The SPAC Faces Its First Regulatory Obstacle

Jeffrey Hymen

Associate Editor

Loyola University Chicago School of Law, JD 2023

As Coronavirus (Covid-19) has slowed the global economy, business owners have been forced to adapt to volatile market conditions and use creativity to raise capital. Investors and financial industry professionals have turned their attention to Special Purpose Acquisition Companies (SPACs), which have already raised nearly $100 billion in 2021 compared to $83.4 billion during the previous year. A SPAC is a publicly-traded shell company formed by industry professionals such as institutional investors, private equity firms, and hedge funds. Then, SPAC sponsors will seek to complete a merger or acquisition with another private company, which enables the private company to become publicly traded and bypass the initial public offering (IPO) stage. SPACs usually are allowed two years from the IPO date to formalize an acquisition or return the funds to investors.

Why are companies choosing the SPAC route instead of an IPO?
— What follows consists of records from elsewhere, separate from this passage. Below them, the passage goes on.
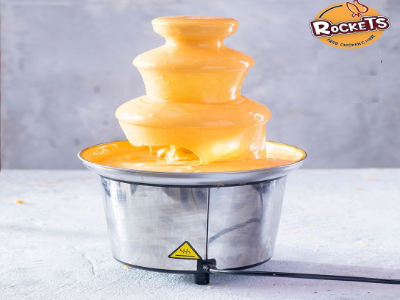 Cheese Fountain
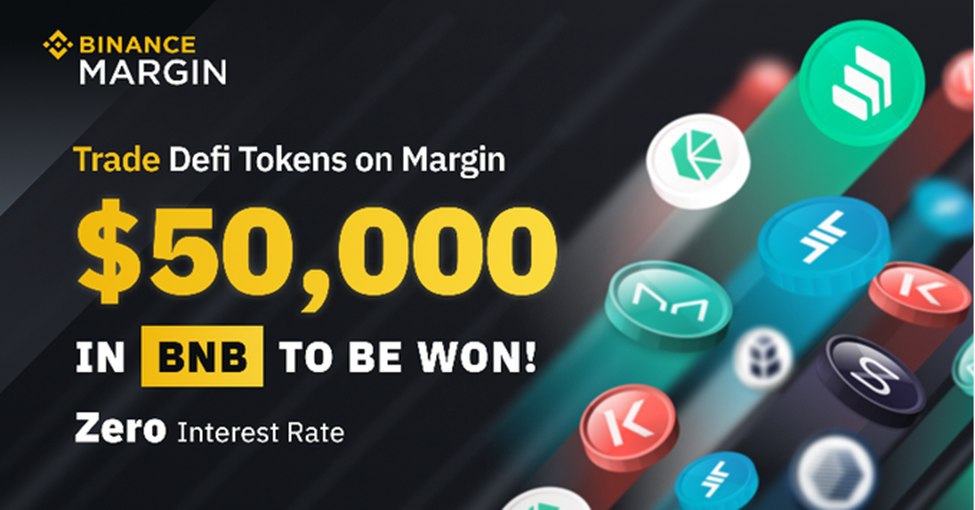 Еженедельный отчет Binance: индексируем DeFi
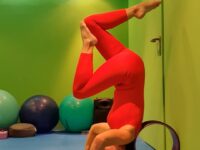 Regina @reginalenitz yoga Winners Announcement YogisBacktoRoots Big thanks to all who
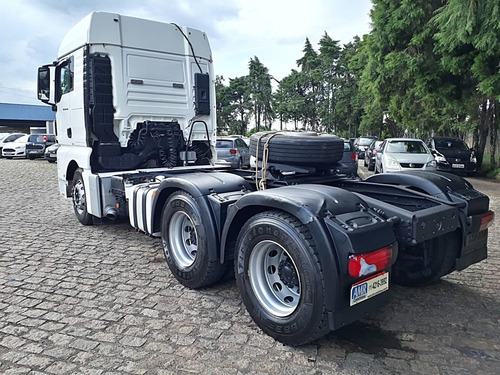 Man Tgx 29.440 6x4 T 2012 Em Bom Estado, Segundo Dono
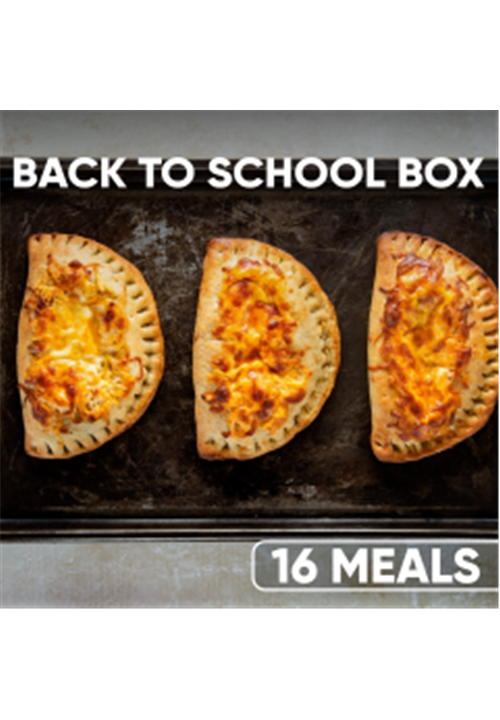 Back To School Box 16 Meals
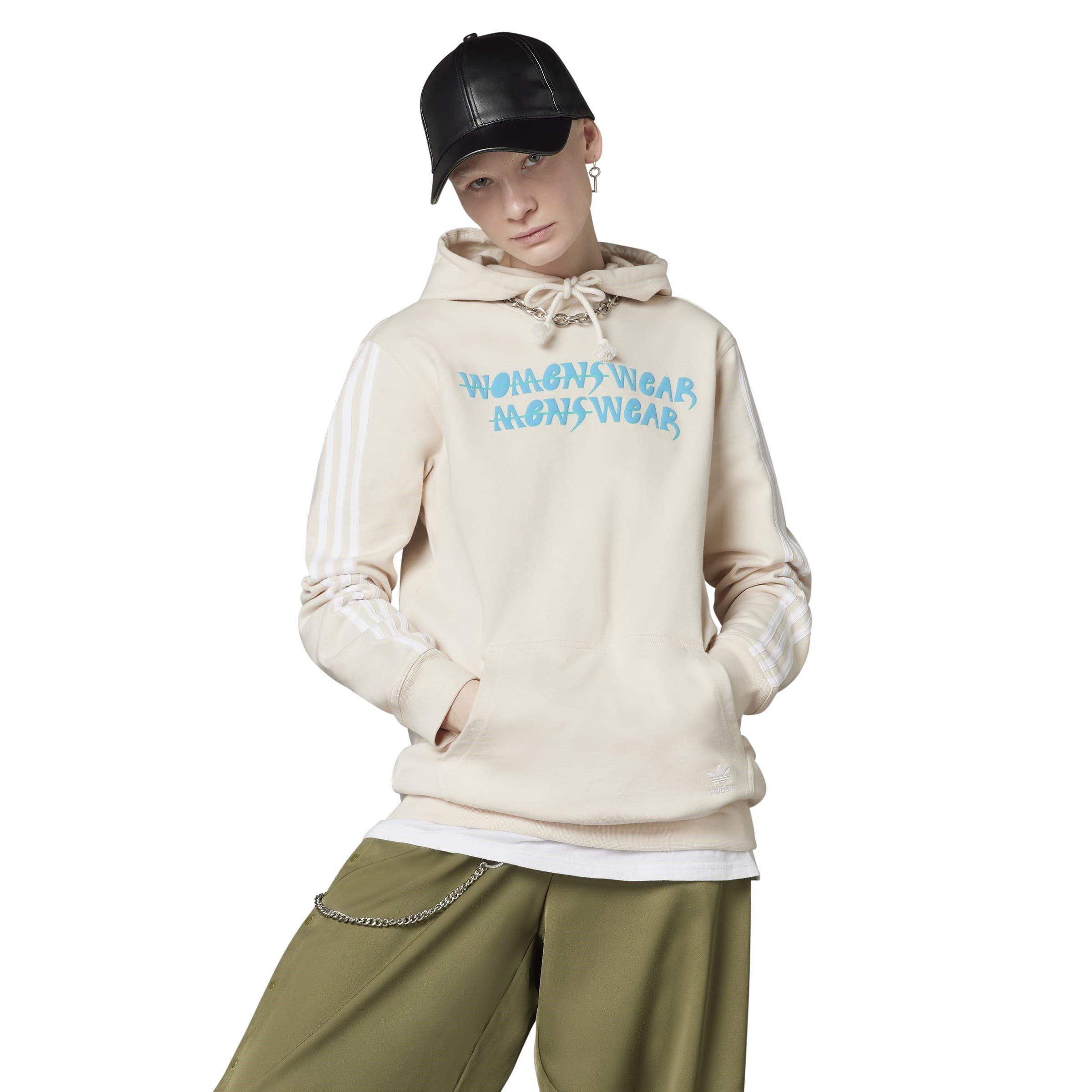 Wonwhite - adidas Originals - Hoodie - 10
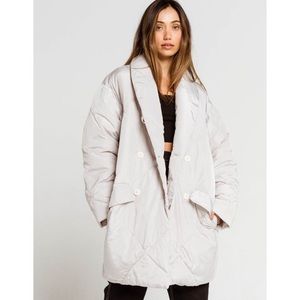 Free People Ella Daydream Puffer Coat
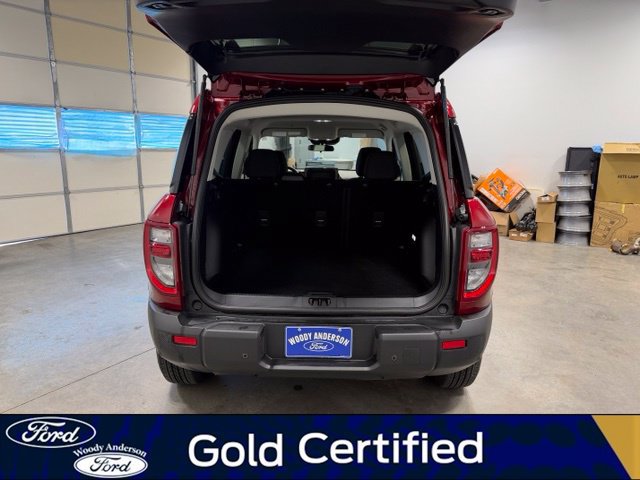 Certified 2025 Ford Bronco Sport Big Bend AWD/4WD image 7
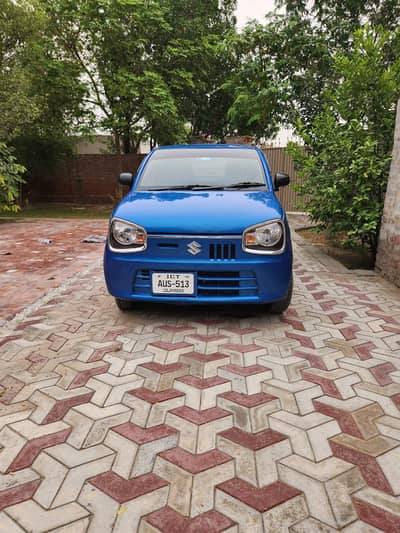 Suzuki Alto 2022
While there are numerous reasons that a company may pursue a merger with a SPAC rather than a traditional IPO, the most common motives are market certainty and flexibility. Traditional IPOs typically lack market certainty, since determining the appropriate time to introduce a new stock to the market can be costly and time-consuming. A new publicly-traded company may be negatively impacted long-term simply due to a one-day market meltdown. Additionally, IPO pricing is challenging because setting the initial price too high or too low will inevitably lead to heightened volatility throughout the company’s first few months on Wall Street. On the other hand, SPACs enable target companies to negotiate share price with the sponsor beforehand so that it may be included in the merger agreement, which permits the parties to avoid risk and market uncertainty.

Not only do SPAC deals require half of the time it takes to complete an IPO, but SPACs promote flexibility and enable target companies to negotiate other terms of the transaction besides the initial share price. For instance, parties may negotiate the structure of the agreement including whether extra financing is necessary through a private investment in public equity (PIPE) as well as additional equity or debt.

Will regulatory concerns slow SPAC usage?

 Regulatory expert and veteran banker Gary Gensler was recently named chairman of the Securities and Exchange Commission (SEC), which places Gensler in charge of the Biden Administration’s plan to intensify oversight of Wall Street. While the SEC has been relatively quiet on SPACs over the past year, the regulator recently announced that it may require some SPACs to reassess their financial results. The dilemma revolves around the inclusion of warrants in the financing of a SPAC, which typically provides some investors the right to buy additional shares at a predetermined price in the future. In other words, warrants serve to increase the value of a SPAC because the added feature enables early investors to gain more exposure to the SPAC after the share price has already inflated. For most SPACs, warrants are generally listed on the balance sheet as equity. However, warrants may need to be classified as liabilities in certain cases, which forces a SPAC to periodically adjust for changes in the warrants’ value.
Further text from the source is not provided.